Captioned web images:
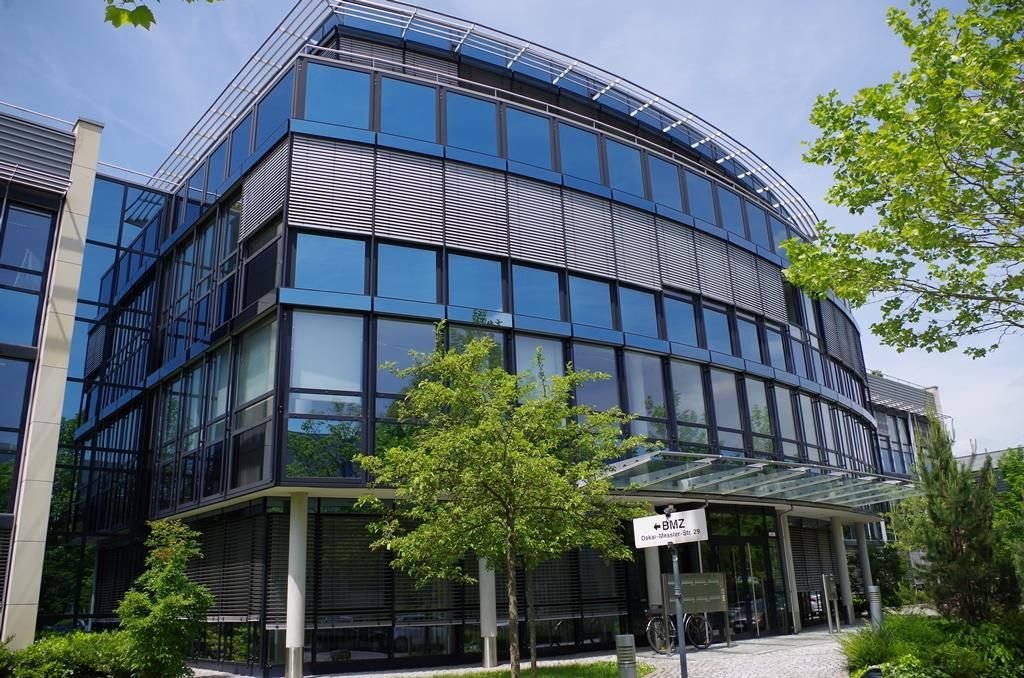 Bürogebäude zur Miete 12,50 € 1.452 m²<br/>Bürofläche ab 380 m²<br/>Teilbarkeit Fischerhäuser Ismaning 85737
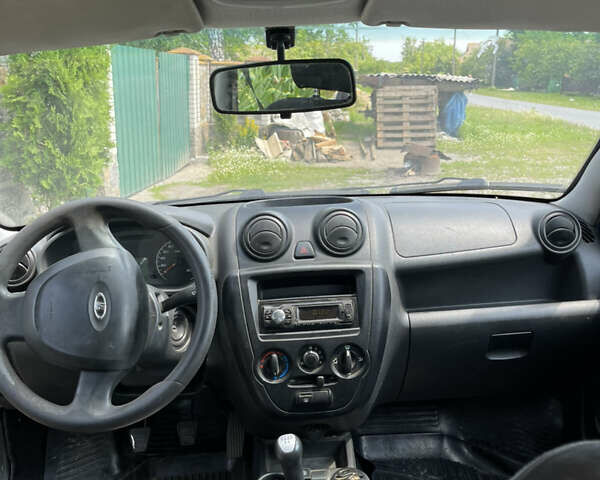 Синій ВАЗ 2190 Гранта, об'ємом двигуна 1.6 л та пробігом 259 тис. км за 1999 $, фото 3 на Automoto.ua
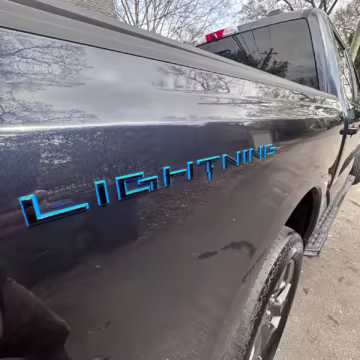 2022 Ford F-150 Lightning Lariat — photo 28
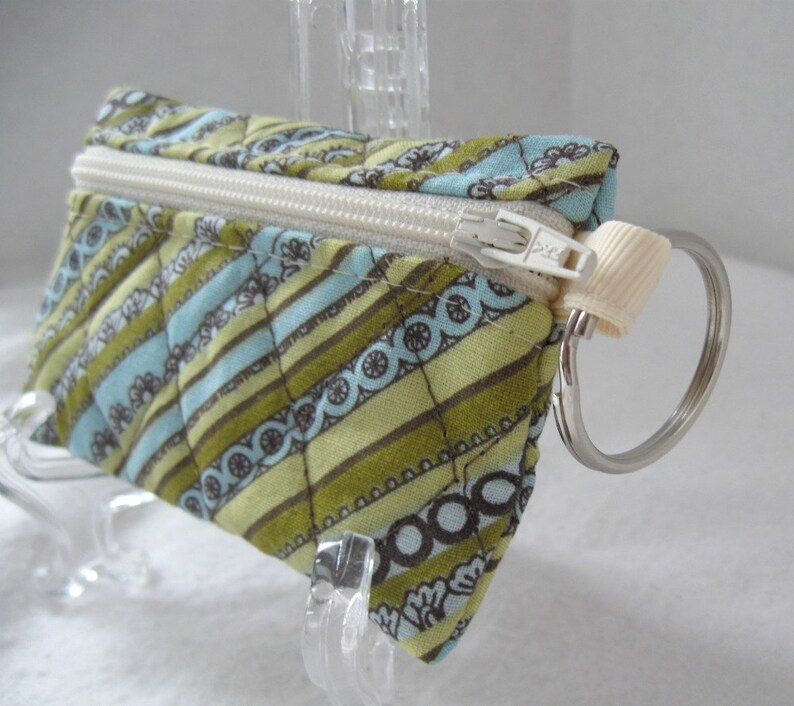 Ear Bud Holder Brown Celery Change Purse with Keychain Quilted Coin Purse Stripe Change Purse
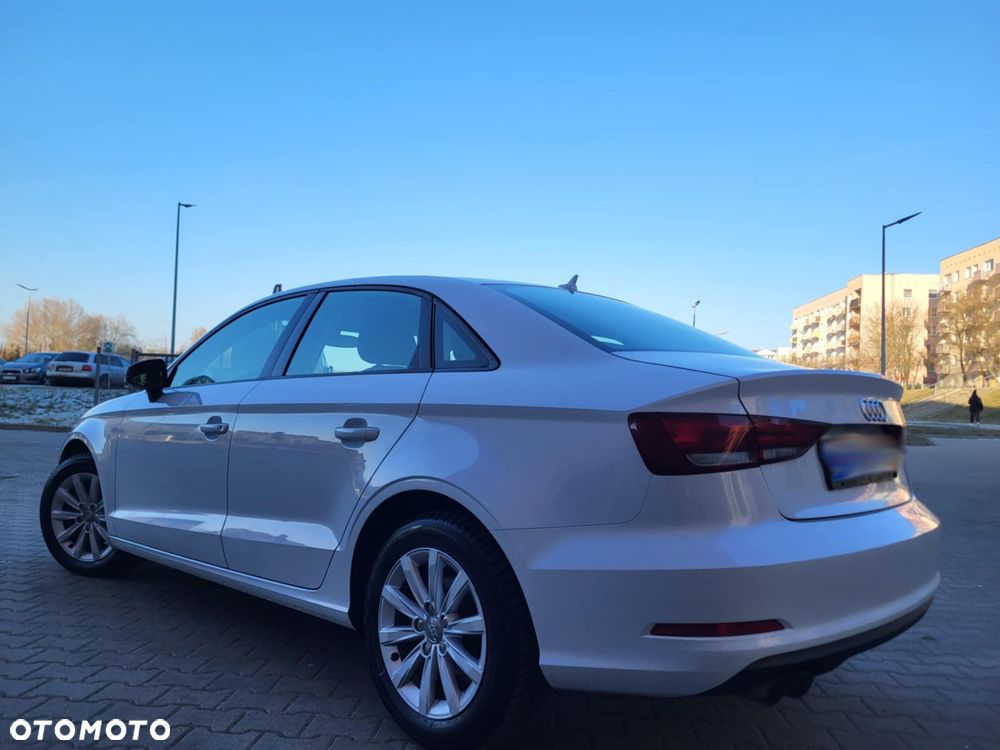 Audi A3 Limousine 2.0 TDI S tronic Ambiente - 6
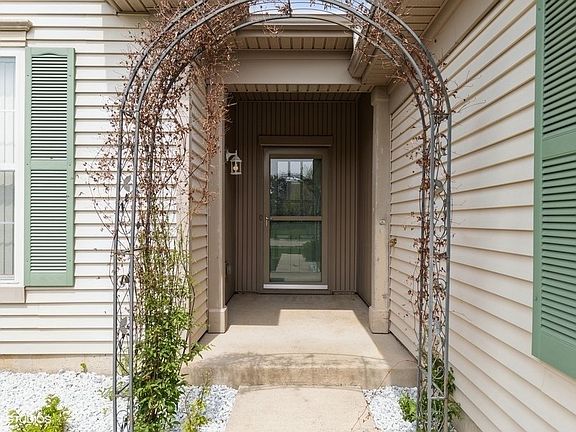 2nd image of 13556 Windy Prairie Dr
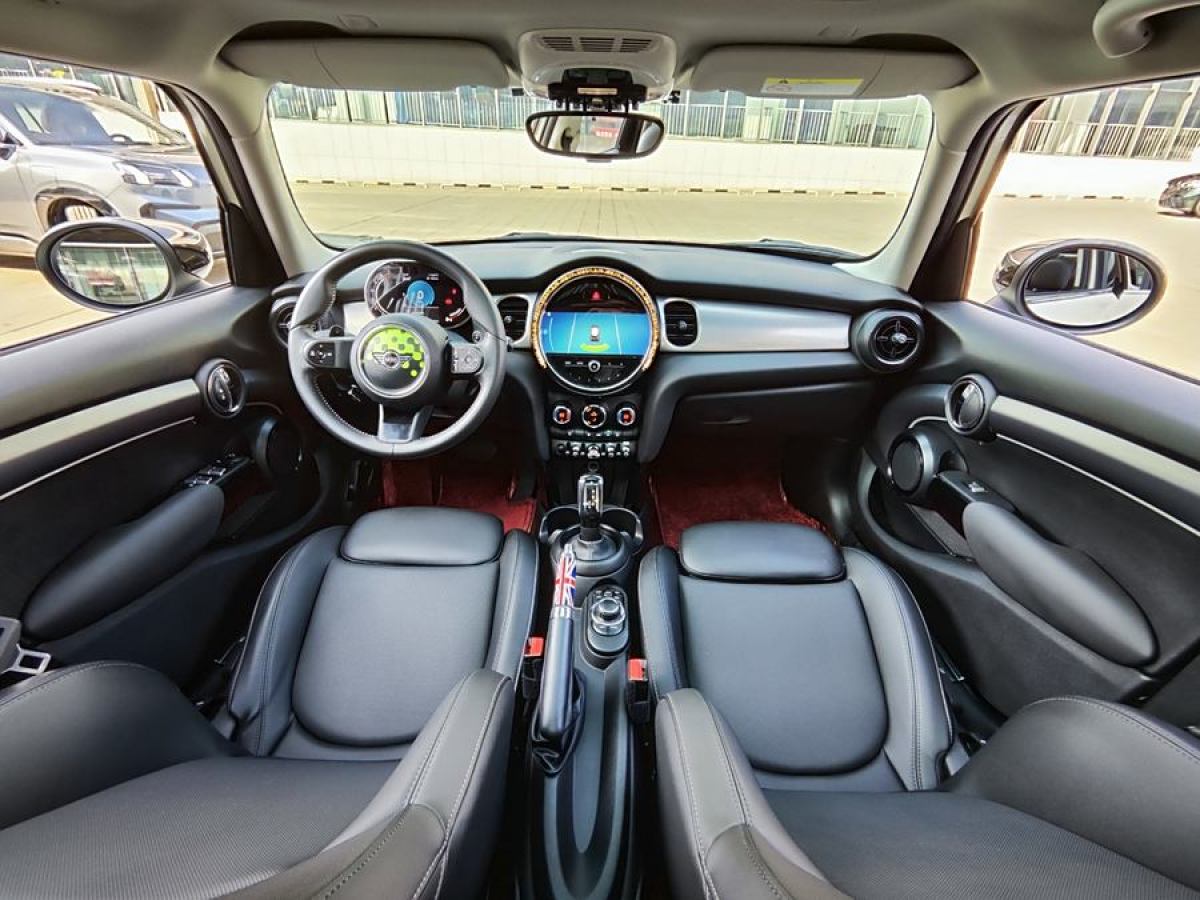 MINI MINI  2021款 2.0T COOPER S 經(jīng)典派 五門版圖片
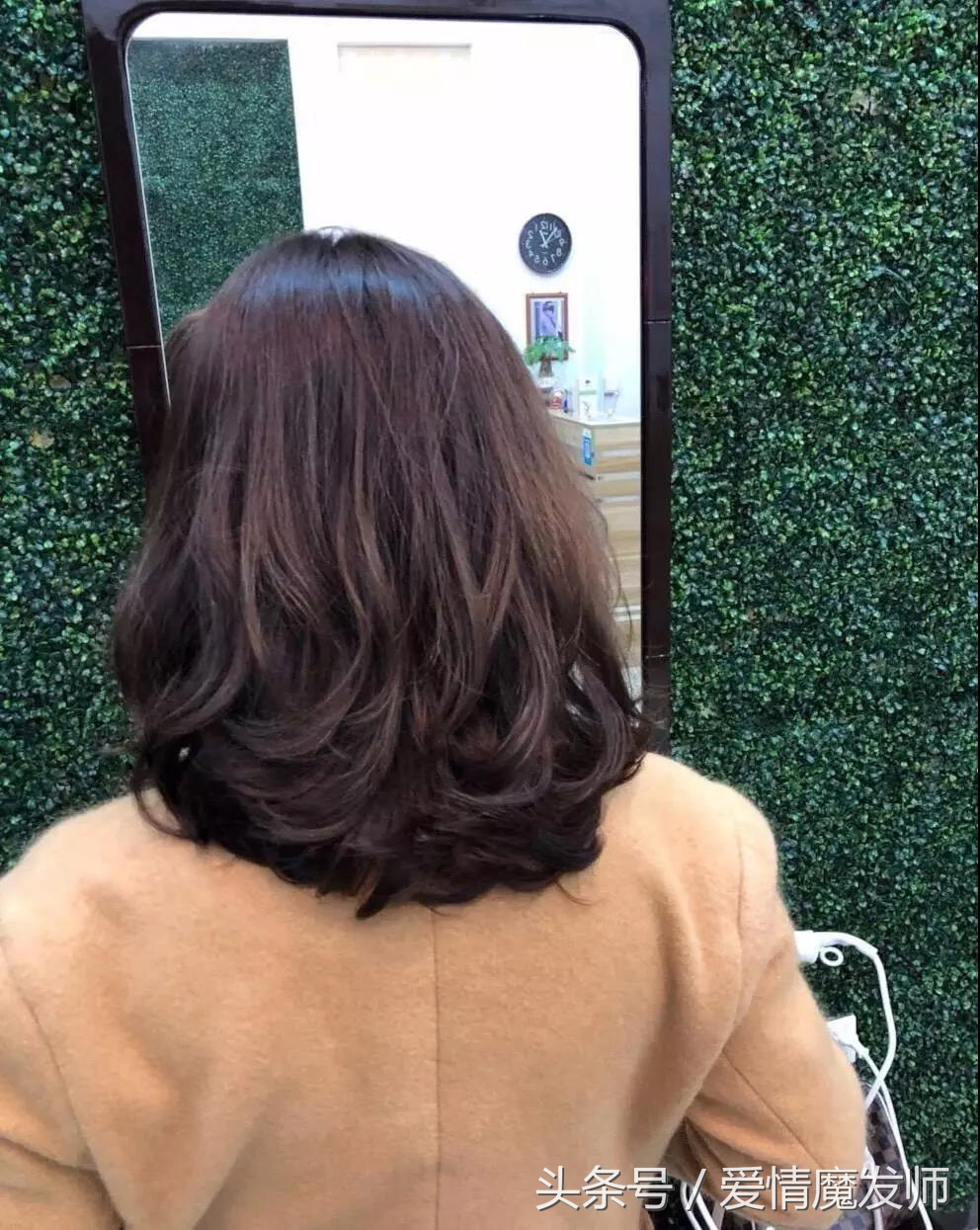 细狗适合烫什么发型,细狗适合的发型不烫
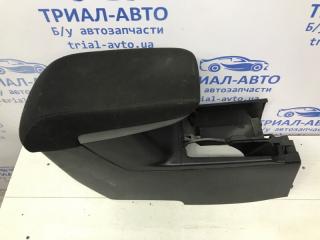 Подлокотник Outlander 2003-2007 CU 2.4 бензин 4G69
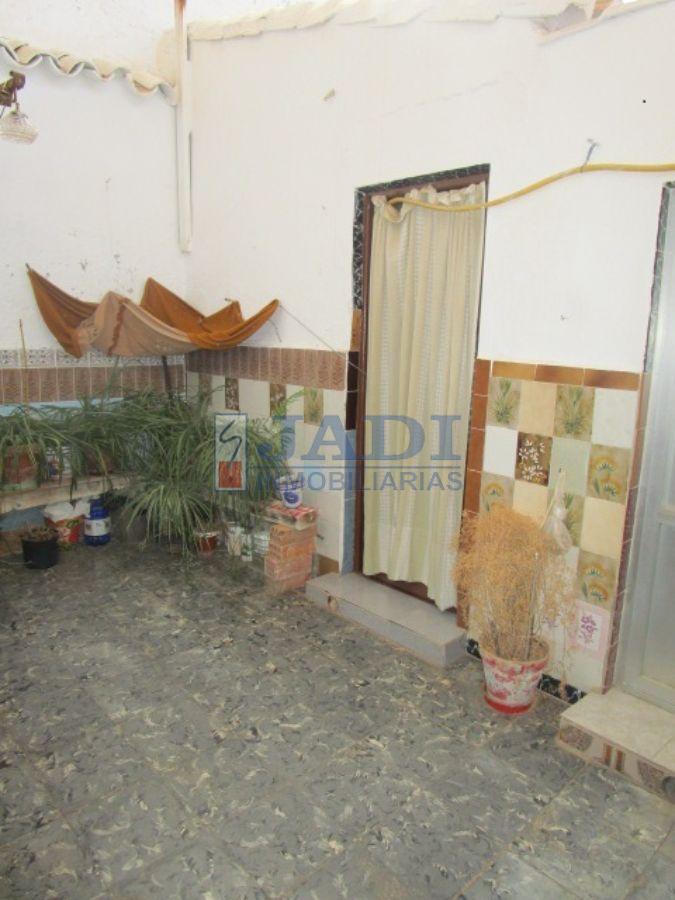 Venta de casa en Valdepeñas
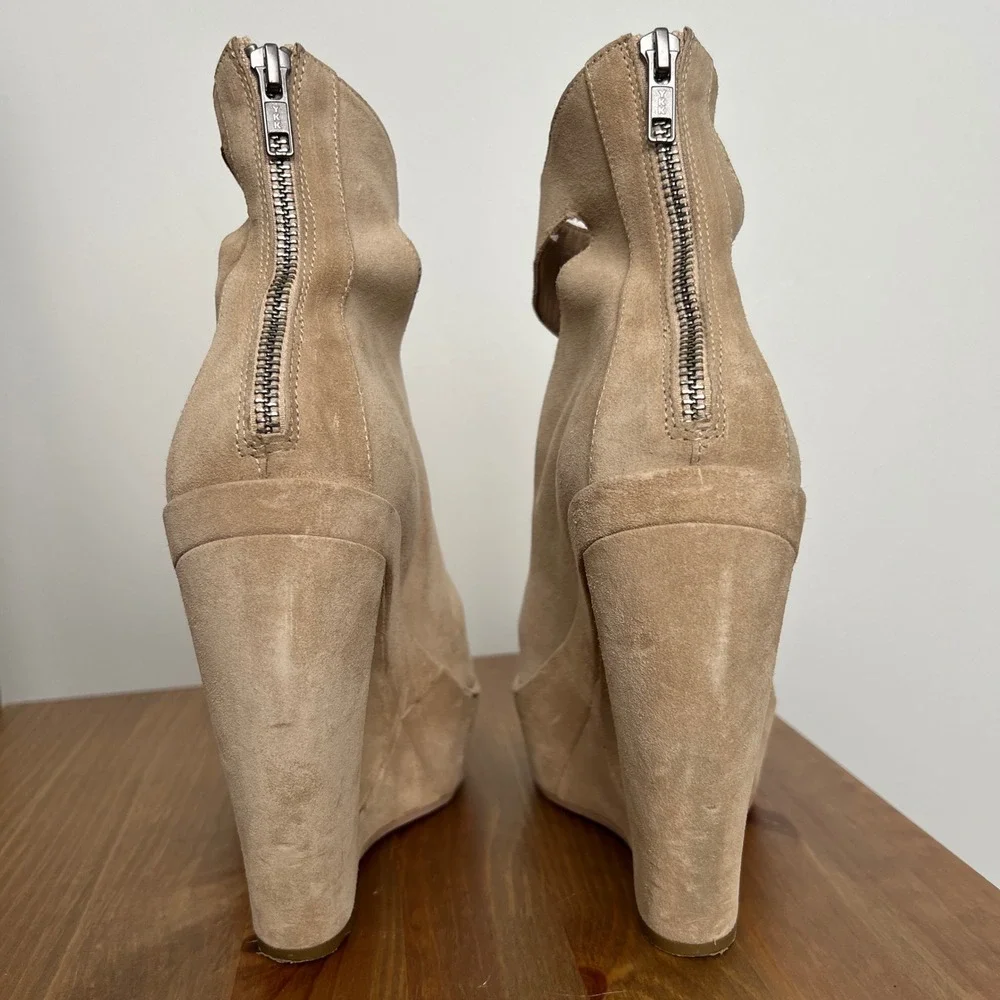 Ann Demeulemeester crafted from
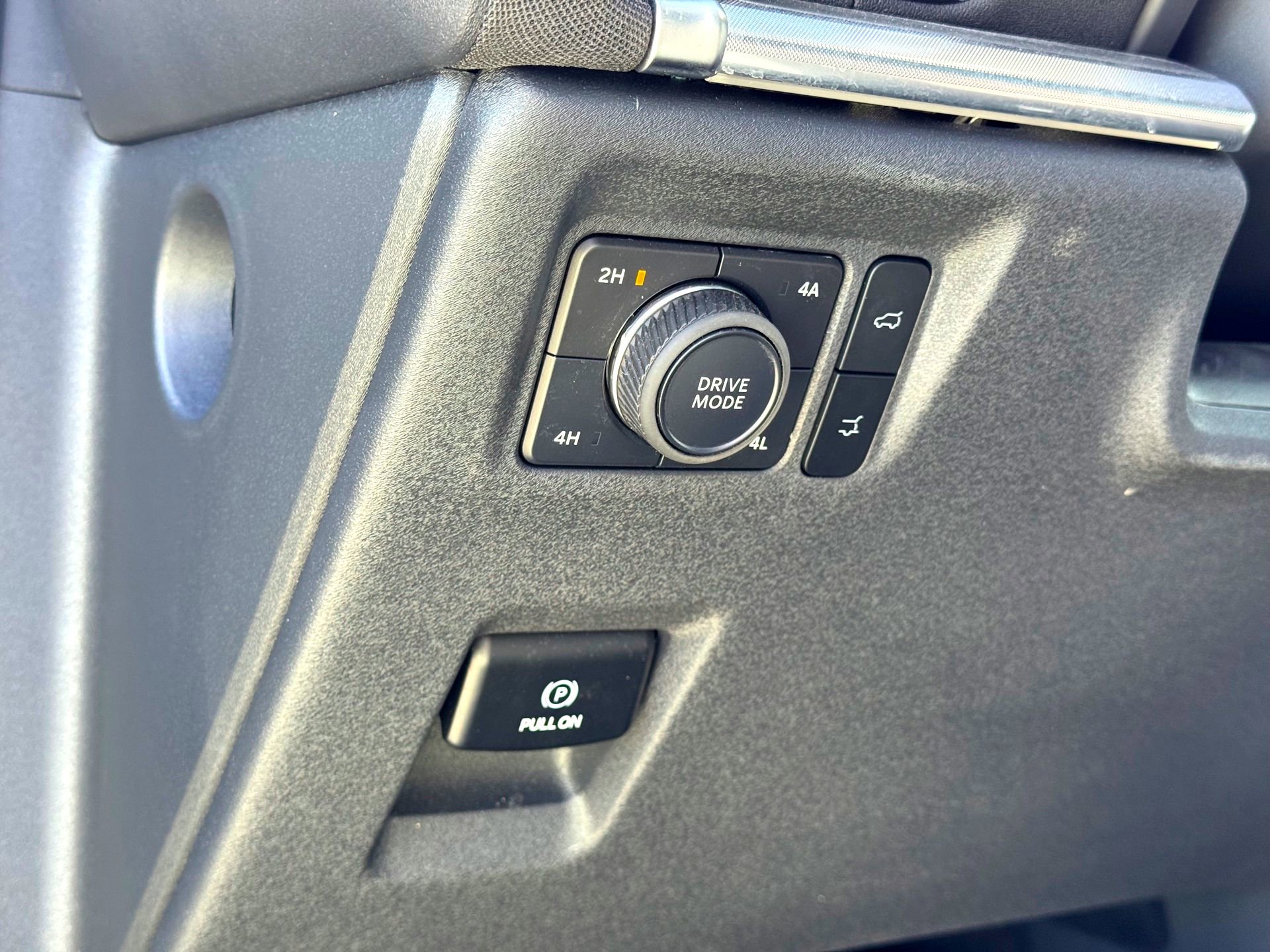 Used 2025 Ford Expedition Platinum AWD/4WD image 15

**TO DO**
Take the line that contains "Ear Bud Holder" and every line after it up to the end of the records above, and restate them exactly, without the pictures.

**EXERCISE ANSWER**
 Ear Bud Holder Brown Celery Change Purse with Keychain Quilted Coin Purse Stripe Change Purse
 Audi A3 Limousine 2.0 TDI S tronic Ambiente - 6
 2nd image of 13556 Windy Prairie Dr
 MINI MINI  2021款 2.0T COOPER S 經(jīng)典派 五門版圖片
 细狗适合烫什么发型,细狗适合的发型不烫
 Подлокотник Outlander 2003-2007 CU 2.4 бензин 4G69
 Venta de casa en Valdepeñas
 Ann Demeulemeester crafted from
 Used 2025 Ford Expedition Platinum AWD/4WD image 15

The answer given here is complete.